Test-prep, survey costs spark discussion at brief PEP meeting

The focus of discussion at yesterday’s record short Panel for Educational Policy’s meeting was a contract not even up for a vote. That contract would have allocated close to $4 million toward printing and distributing the school environment surveys to students and parents, half of whom skip filling them out.

The agenda item was quietly removed from the slate of contracts, which included special education services, test-preparatory software, and gasoline for the Department of Education’s car fleet, after Queens representative Dmytro Fedkowskyj grilled officials about it at a Monday evening contracts meeting.

“I think that it’s an enormous amount of money to spend to push paper around,” he said again during the panel meeting, which lasted just 35 minutes. “I’m hopeful that we’ll have another robust conversation about this again under hopefully different terms.”
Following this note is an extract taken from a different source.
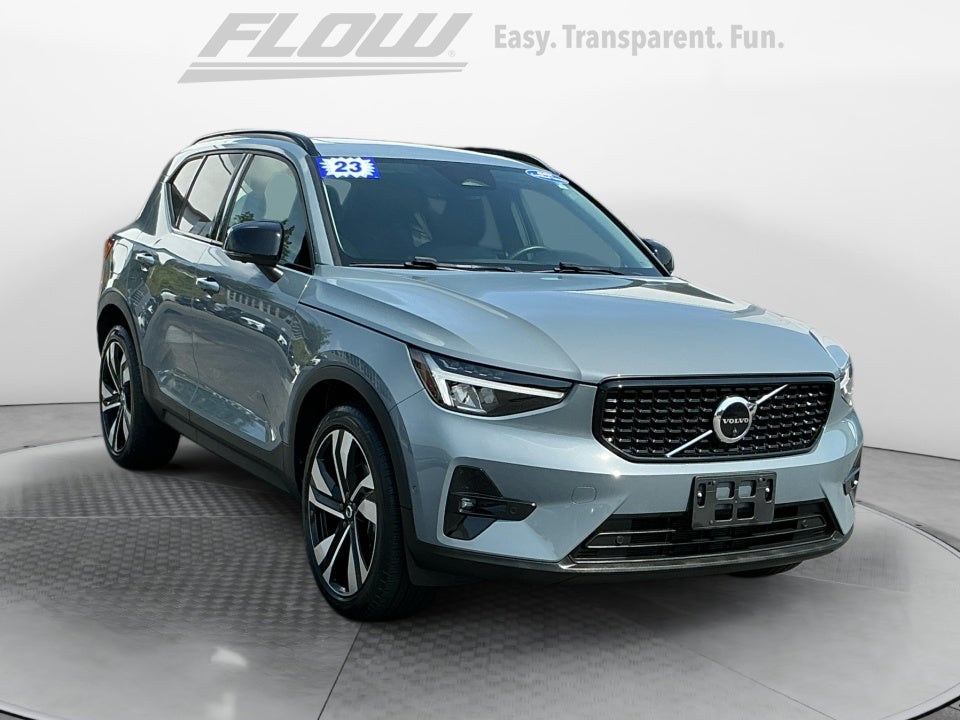 2023 Volvo XC40 B5 Plus Dark Theme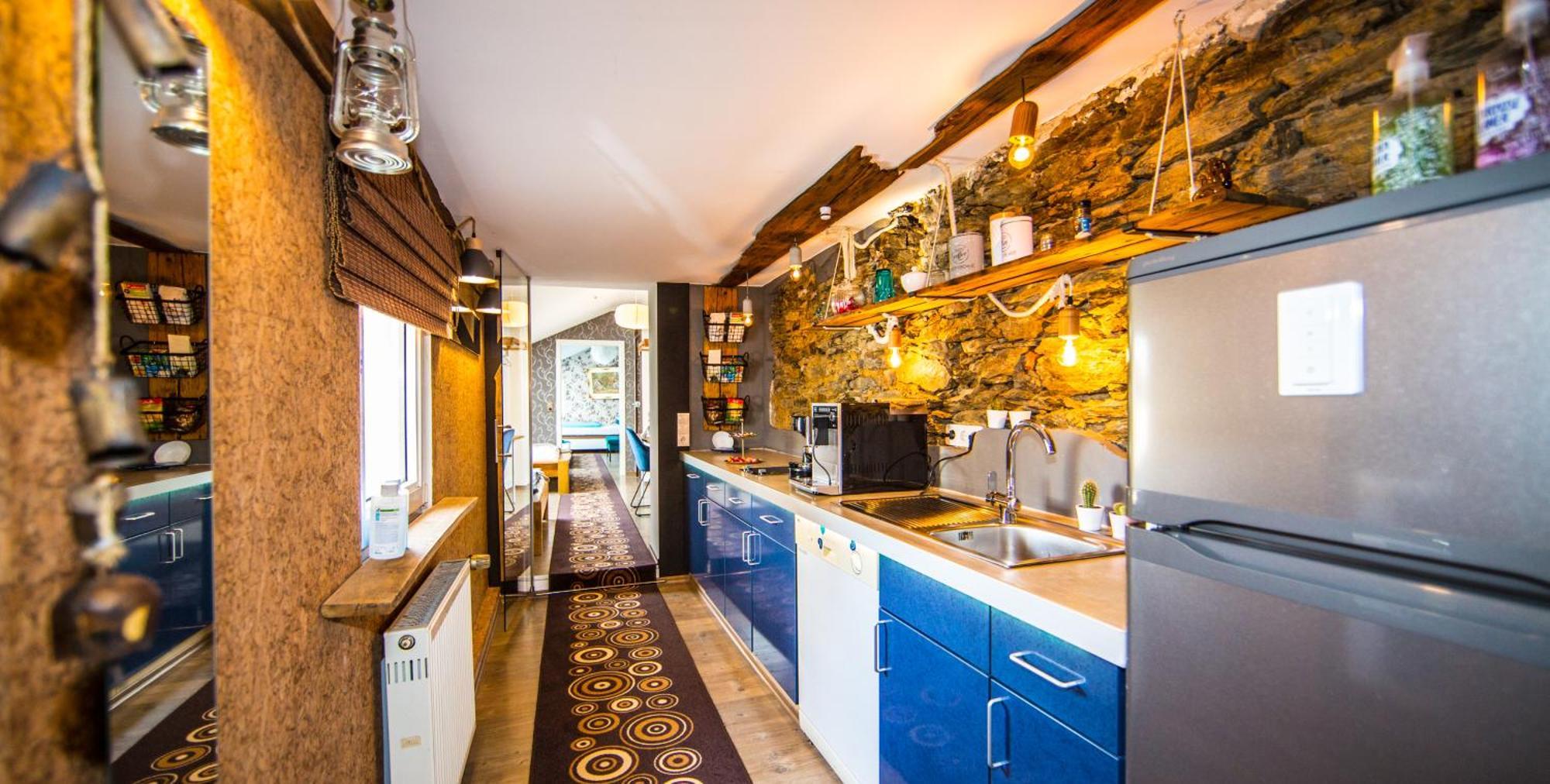 Bookeinfach Bad Ems - Private - Sauna Jacuzzi Whirlpool Swimmingpool Alahna Sup Beachvolleyball Billiards Ping Pong Cinema Theater Music Disco Ball Bbq Und Parkplaetze Exterior photo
Officials said the paper survey distribution system would help boost participation rates, which for students are around 82 percent, and for parents have steadily increased from 26 to 53 percent since 2007. The city uses the survey results to assess school performance on the annual progress reports and sometimes to justify school closure plans.

David Ross, the department’s head of contracting, did not explain why the contract was removed at the eleventh hour, but noted that it did not “need to move” this month. It’s possible that the contract would not have won approval this month anyway if it failed to receive enough votes from the panel, which was short two mayoral appointees yesterday evening. The panel has never rejected a city proposal, but in March it had to table a contract because several members could not cast impartial votes.
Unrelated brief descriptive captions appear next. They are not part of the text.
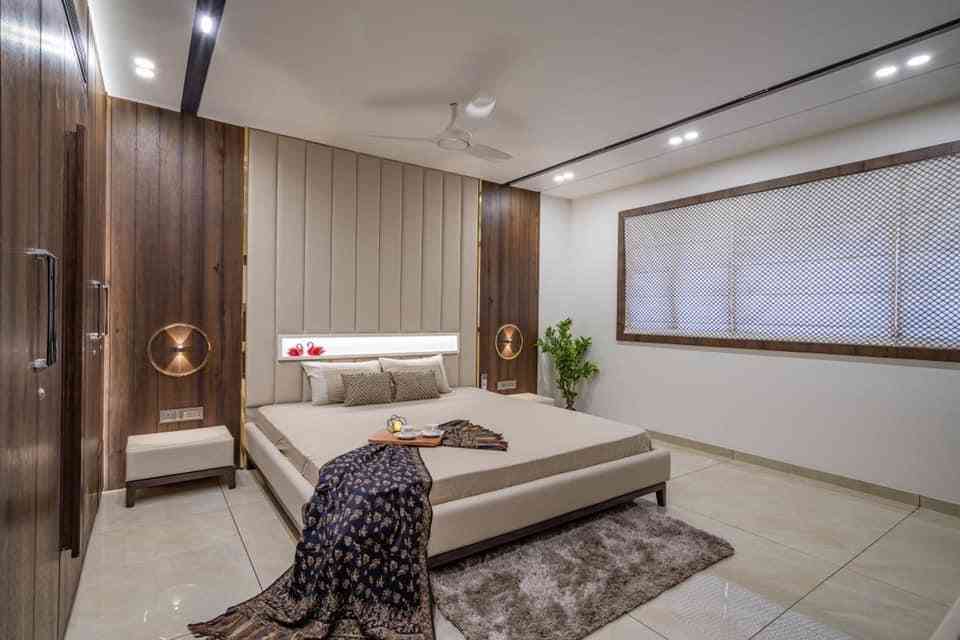 Contemporary White Toned Master Bedroom Interior Design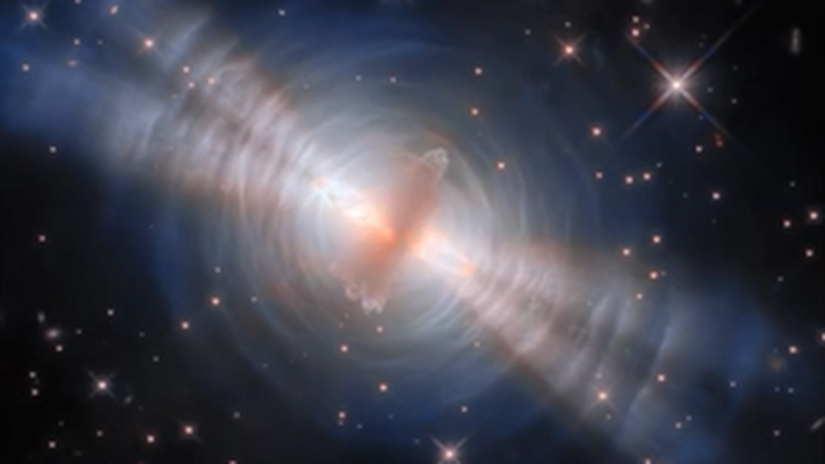 Vyzera ako kozmicke vajce Hubble odhalil jeden z najzahadnejsich objektov v nasej
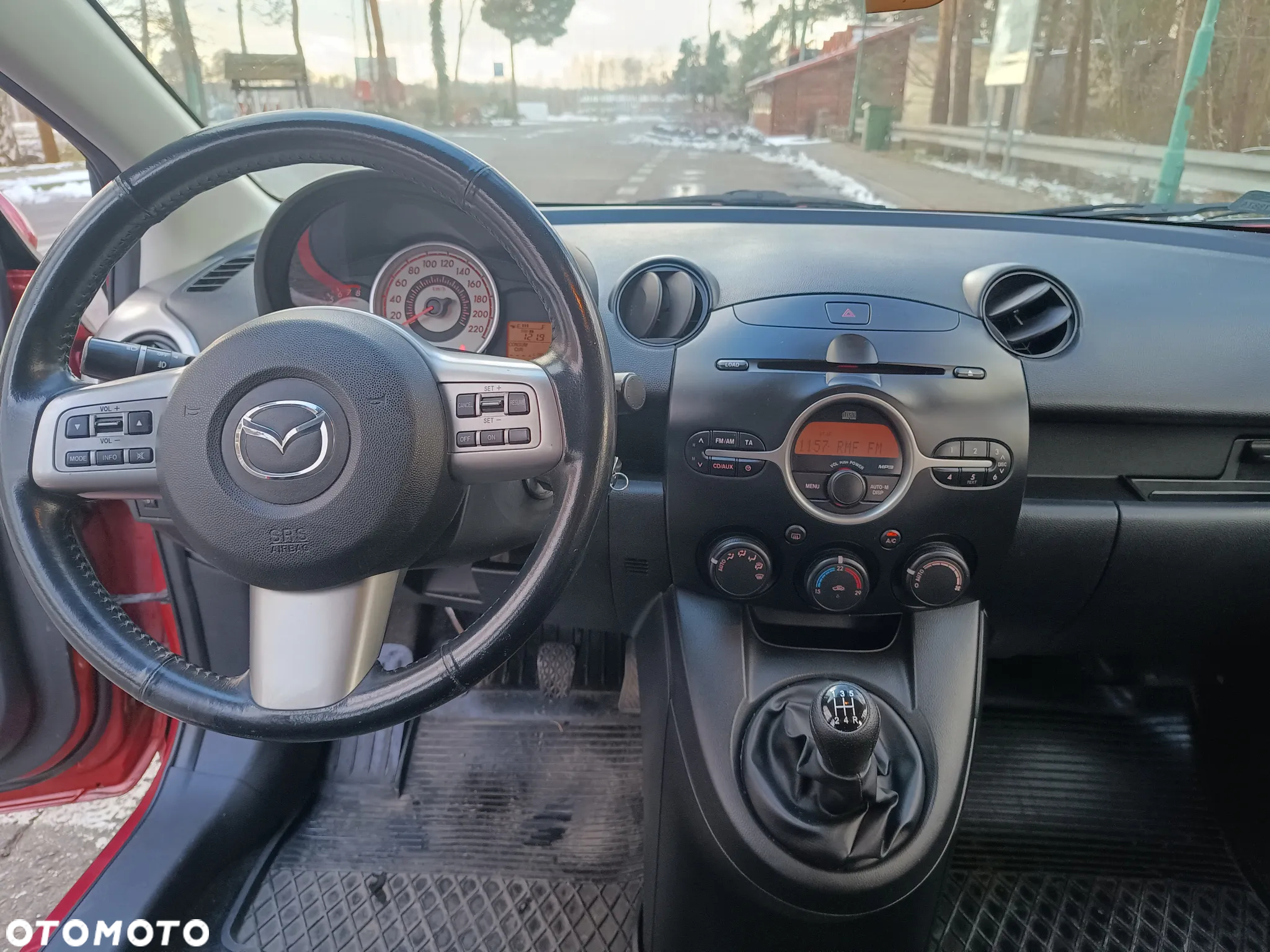 Mazda 2 - 7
Patrick Sullivan, the Manhattan representative to the panel, said he would like to see a more economical proposal that did not involve sending reams of paper to parents. But officials said the contract was not likely to change between now and this fall, when it will likely be brought up for a vote.

“I already wasn’t going to vote for it,” Sullivan said.

Sullivan also led a quick back-and-forth with officials over a $350,000 contract that would purchase software for elementary and middle school test preparation.

“Why do we need test-prep software? Why do we need test-prep at all?” he said. “There’s already a whole battery of assessments, interim assessments, predictive assessments and what not. I don’t understand why in this environment, when we don’t have enough money to pay teachers and class sizes are up, we have to spend money to do test prep.”

Chief Academic Officer Shael Polakow-Suransky responded flatly that, “we’re certainly not encouraging schools to spend more time or money on test prep.” Rather, he said, the contract served to give schools the option to use software programs to support the work they’re already doing to align their reading and math curricula to the Common Core State Standards, and prepare for new state tests that will cover those standards.

Even with four panel members absent (mayoral appointees Rosemarie Maldonado and Ian Shapiro, and Brooklyn representative Gbubemi Okotieuro and Staten Island representative Diane Peruggia), all of the contracts were quickly approved.